→ PROBLEM STATEMENT: Without including any pictures, write out the listing below exactly.
START DATA SHOWN
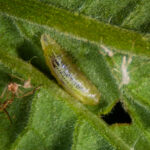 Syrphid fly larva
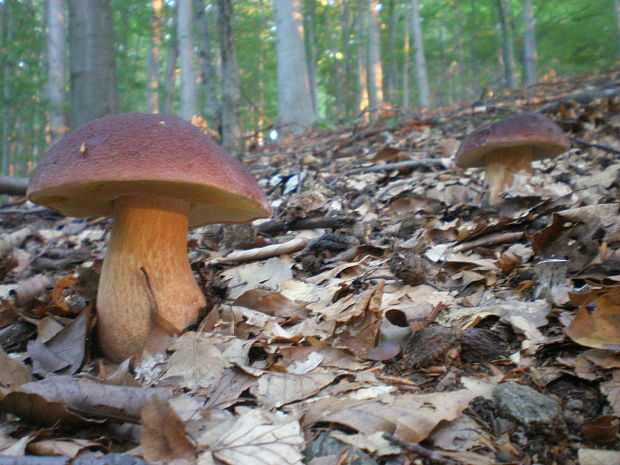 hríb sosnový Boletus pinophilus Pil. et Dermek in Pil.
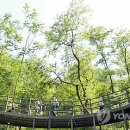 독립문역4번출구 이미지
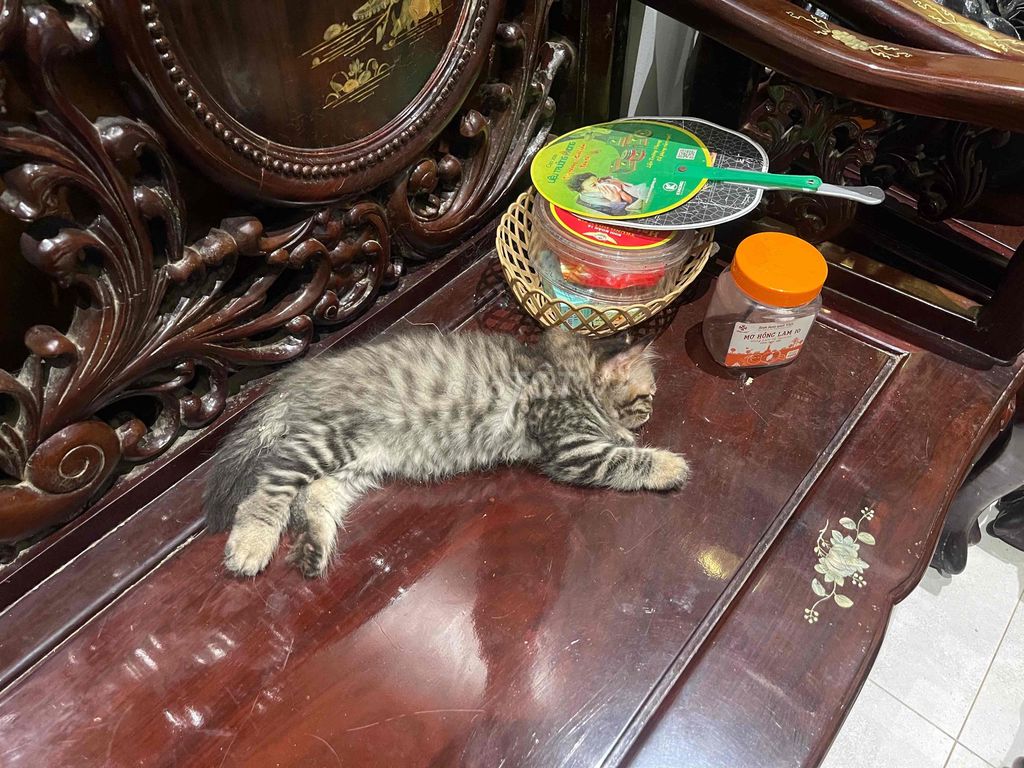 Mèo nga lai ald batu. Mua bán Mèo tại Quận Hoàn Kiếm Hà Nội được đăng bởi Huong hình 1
END DATA SHOWN
→ SOLUTION FOR THIS EXERCISE:
 Syrphid fly larva
 hríb sosnový Boletus pinophilus Pil. et Dermek in Pil.
 독립문역4번출구 이미지
 Mèo nga lai ald batu. Mua bán Mèo tại Quận Hoàn Kiếm Hà Nội được đăng bởi Huong hình 1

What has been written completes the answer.